Search code examples
pythonloopspytorchiteratorbroken-pipe

Facing Broken Pipe error when trying to run the next(iter(train_data_loader)). I'm running the code in local jupyter notebook


I'm facing BrokenPipeError when I'm trying to run sentiment analysis with hugging face. It's returning [Error No] 32 Broken Pipe. Is there any way to rewrite the next(iter(train_data_loader)) code?

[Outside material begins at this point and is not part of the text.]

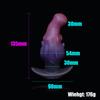 3 Size Huge Anal Bedas Silicone Soft Butt Plug Anal Plug Dildo For Wearing Anal Dilation Prostate Massage Sex Toys for Men Women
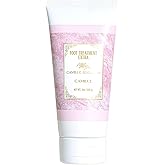 Camille Beckman Foot Treatment Extra Moisturizing Cream, Camille, 6 Ounce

Link with total code 'https://colab.research.google.com/drive/1wBXKa-gkbSPPk-o7XdwixcGk7gSHRMas?usp=sharing'

The code is

def create_data_loader(df, tokenizer, max_len, batch_size):
  ds = GPReviewDataset(
    reviews=df.content.to_numpy(),
    targets=df.sentiment.to_numpy(),
    tokenizer=tokenizer,
    max_len=max_len
  )
  return DataLoader(
    ds,
    batch_size=batch_size,
    num_workers=4
  )

Followed by below code

BATCH_SIZE = 16
train_data_loader = create_data_loader(df_train, tokenizer, MAX_LEN, BATCH_SIZE)
val_data_loader = create_data_loader(df_val, tokenizer, MAX_LEN, BATCH_SIZE)
test_data_loader = create_data_loader(df_test, tokenizer, MAX_LEN, BATCH_SIZE)

Followed by

data = next(iter(train_data_loader))
data.keys()

I'm facing error with this 'data = next(iter(train_data_loader))' code

Error is BrokenPipeError: [Errno 32] Broken pipe


Solution

  • One of the reason of this issue might be the OS. When you're using Windows, you should not define num_worker, because PyTorch dataloader does not support multi-processing on Windows. By default num_workers is 0 and works on Windows.

    DataLoader(
        ds,
        batch_size=batch_size,
        num_workers=0 # should be zero on Windows
      )